How do you measure success? For some, it is calibrated in terms of salary or the amount of money stashed in a 401(k). Others equate success to the number of academic degrees earned. Still others define it as having good health and fulfilling relationships. In the world of business, one's professional success is often viewed through a lens focused on achieving a top position in a firm, with the chief executive officer post as the pinnacle.

By MarySheila E. McDonald

How do you measure success? For some, it is calibrated in terms of salary or the amount of money stashed in a 401(k). Others equate success to the number of academic degrees earned. Still others define it as having good health and fulfilling relationships. In the world of business, one's professional success is often viewed through a lens focused on achieving a top position in a firm, with the chief executive officer post as the pinnacle.

Today, women are achieving tremendous success in the attainment of advanced degrees (they surpass males in master's and doctoral programs), and more than 60 percent of college freshmen are women. However, classroom success has not translated into similar achievements in the boardroom.

According to some reports, 14 percent of Fortune 500 CEOs were women last year. In the Philadelphia region, only 11 percent of the top 100 public companies had women on their boards. What's up with that?

I was intrigued and a little angered by a piece in the Atlantic titled "Miss Education." Garance Franke Ruta laments that women often engage in "intellectual primping - the frequently futile hope that one more degree will finally win notice, and with it, that perfect job or raise." Ruta, drawing on numerous studies and recent books by the likes of Sheryl Sandberg (Lean In) and MSNBC's Mika Brzezinski, concludes that as soon women have that diploma in hand, many begin to fall behind their male counterparts - who may not be as highly credentialed as them. Why?

Schools primarily reward hard work and good grades - attributes in which females tend to excel - as opposed to risk-taking and the art of negotiation (skills that men appear to have mastered at greater rates than women). Men don't fall prey to what the founders of Negotiating Women Inc. call "the Tiara Syndrome" - the belief that, if you just keep doing a good job, someone will notice you and place a crown on your head. Research has shown women are still offered lower starting salaries and are criticized more and praised less than guys in the workplace. What's up with that?

Harvard Business Review, along with the business press, has been examining this paradox for the last decade. A double standard continues: Nancy McKinstry, CEO of Wolters Kluwer, a Dutch publishing and information company, was astonished when the Dutch press reported that she wore a suit the same color as the KLM flight attendants. Would a male CEO's fashion choice be newsworthy in a story about the firm's future plans?

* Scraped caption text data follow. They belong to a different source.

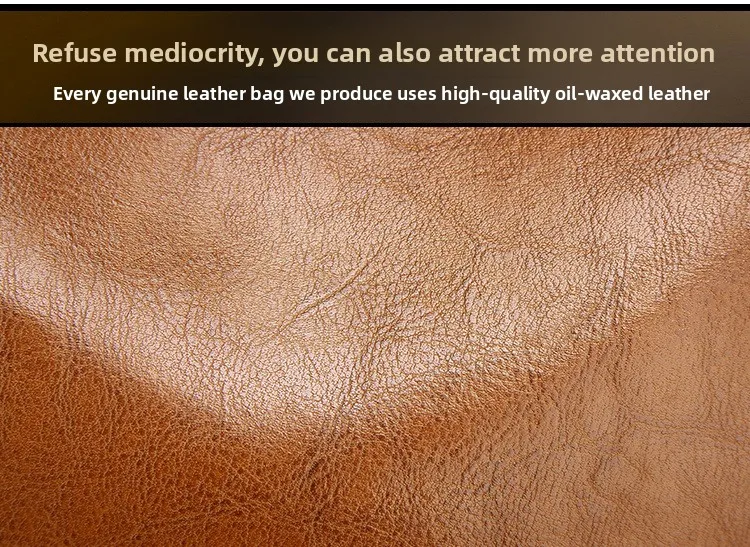 Women's Genuine Leather Tote Bag, Waterproof Multi Purpose Casual Shopping Outings Work Handbag Women Shoulder Crossbody Bags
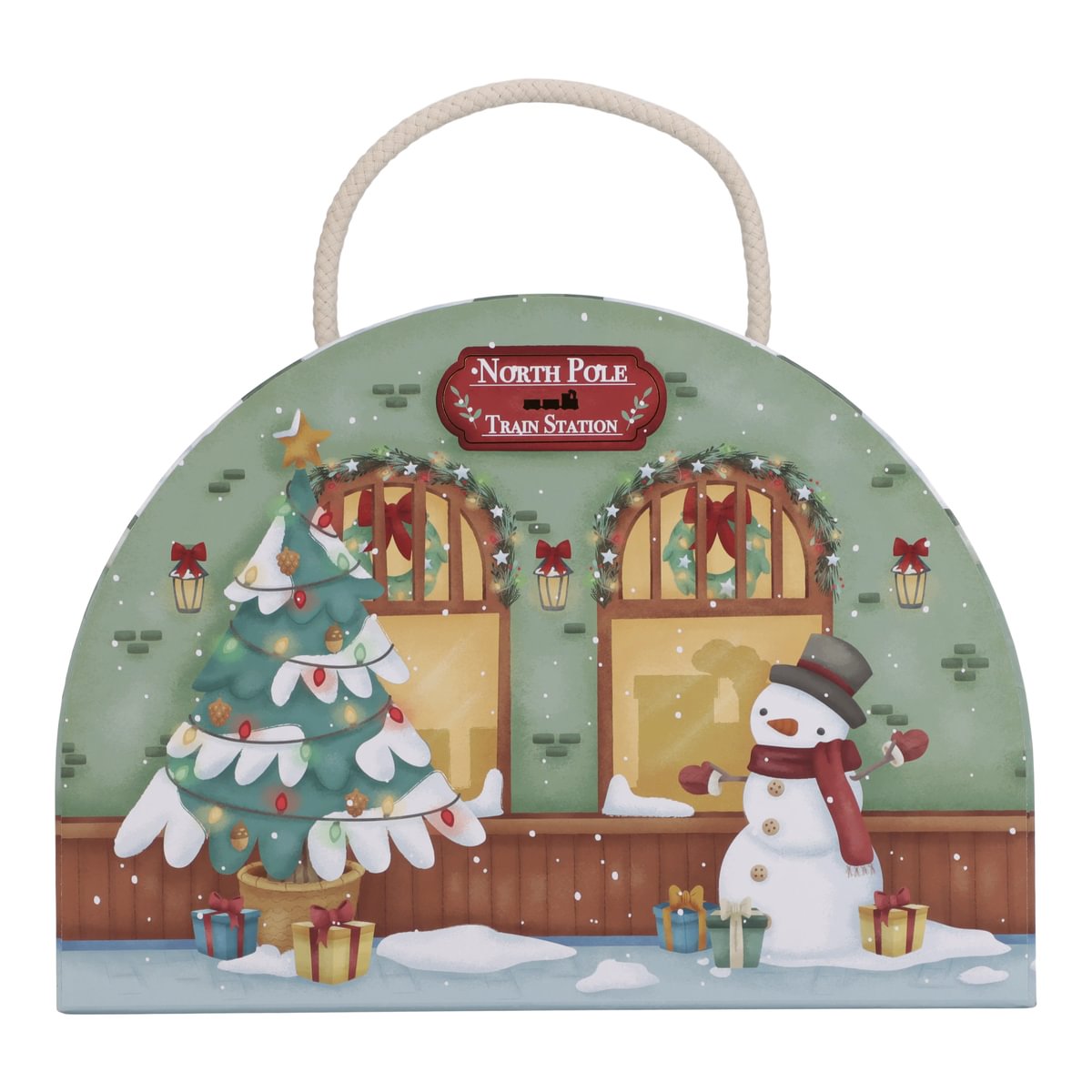 Little Dutch advendikalender rongijaamaga “Christmas”
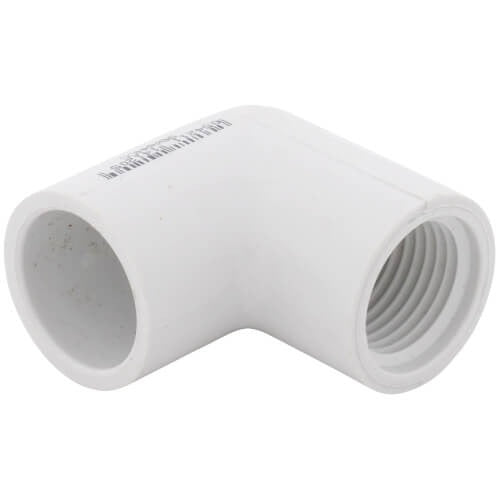 1/2" PVC SXT 90 DEGREE ELBOW SCD 40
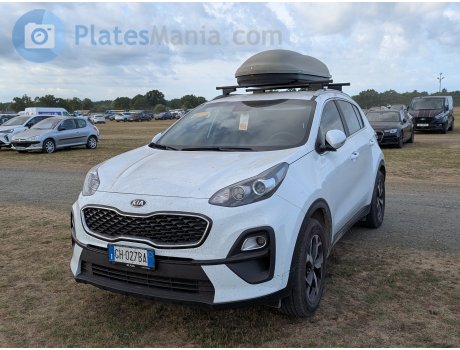 GH 027 BA, Kia Sportage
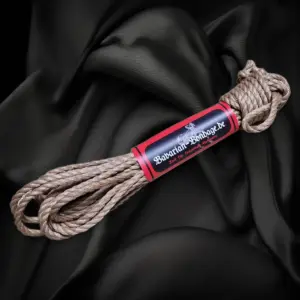 High Class Jute 5mm Klassik Einzelseil 8m von Bavarian-Bondage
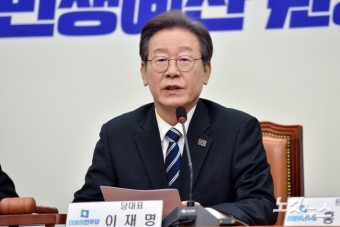 이재명 더불어민주당 대표, 비상계엄 해제 및 테마주 급등에 대한 입장 강조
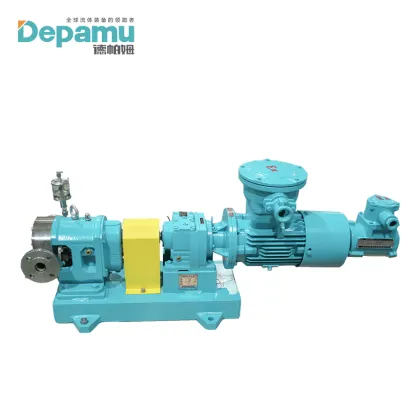 DEPAMU Metal Lobe Pump CLZ25DF0.1-2 for Chemical and Pharmaceutical Industries
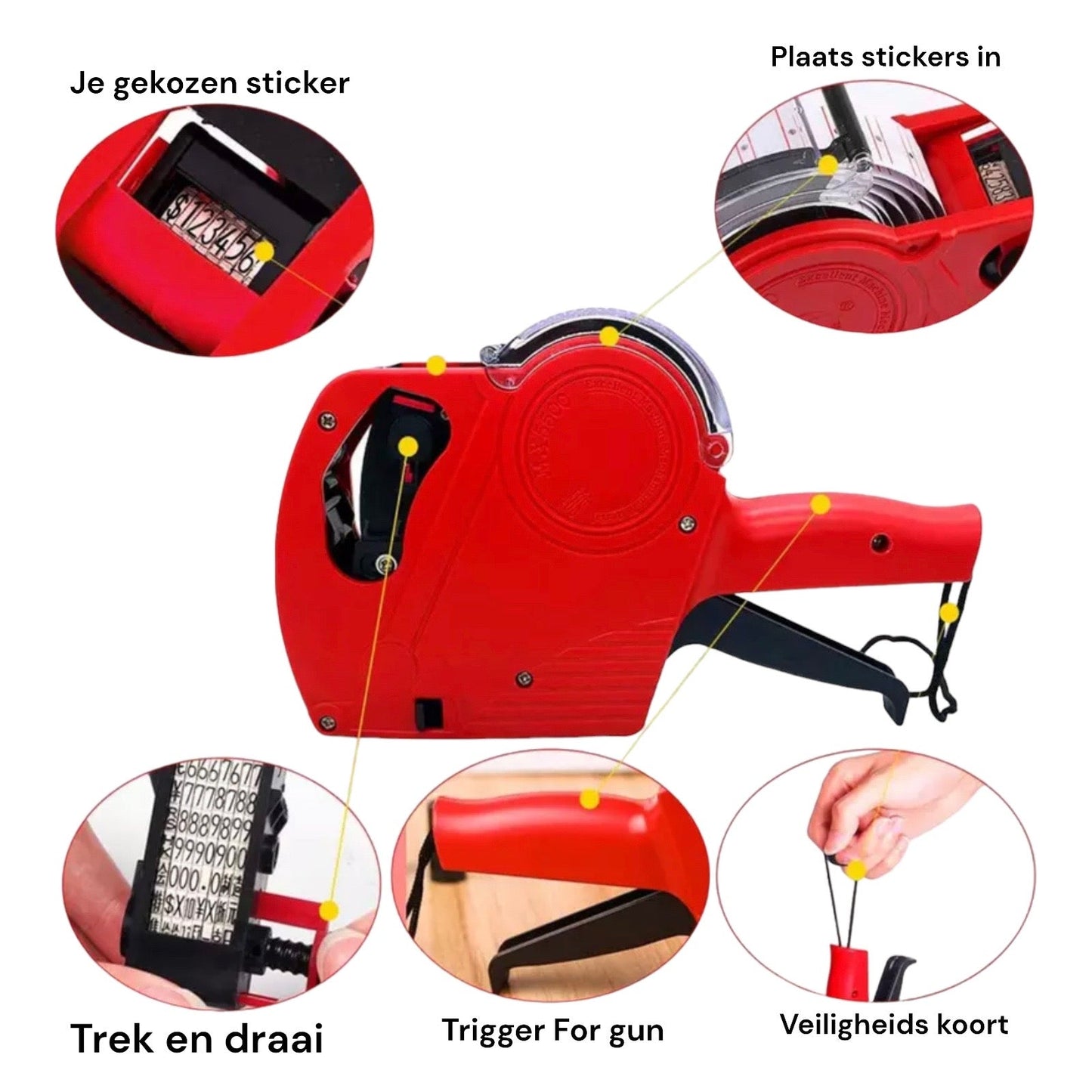 Timmy Toys - MK005 - Price Label Hand Device - MX-5500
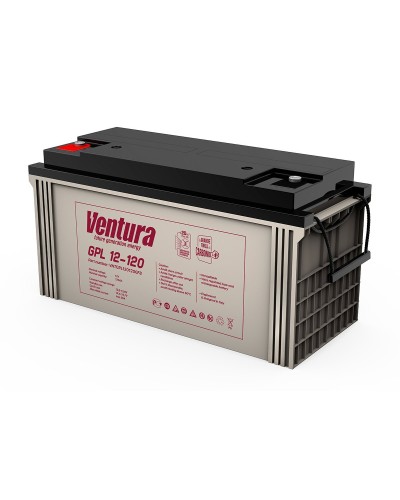 Ventura GPL 12-120. Аккумулятор герметичный свинцово-кислотный. Ventura в Новосибирске
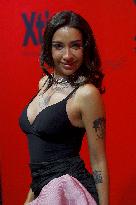 María Becerra At The XTI - Express Yourself Collection Presentation - Madrid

In addition, despite the fact that increasing numbers of families have both parents working full time outside the home, women continue to shoulder more of the domestic and child-related responsibilities than their husbands.

And what about the so-called mommy track? Twenty-four years ago, Felice Schwartz coined the term and stirred things up by positing that the costs of employing women in management were greater than those of employing men because of gender stereotypes and expectations. Years of socialization and the fact that women are the ones who get pregnant and give birth posed professional barriers for women not faced by men who chose fatherhood.

The mommy track was followed by "on-and-off ramping," in which women would choose to exit the fast lane of the workplace and either leave their profession for a while to raise children, or change pace, shift gears, and ratchet back their careers in order to more sanely balance work and family demands.

Juxtapose this with Catalyst Inc.'s research showing that Fortune 500 firms with the largest number of female board members had higher financial performance rates than companies with fewer women on their boards. Another paradox?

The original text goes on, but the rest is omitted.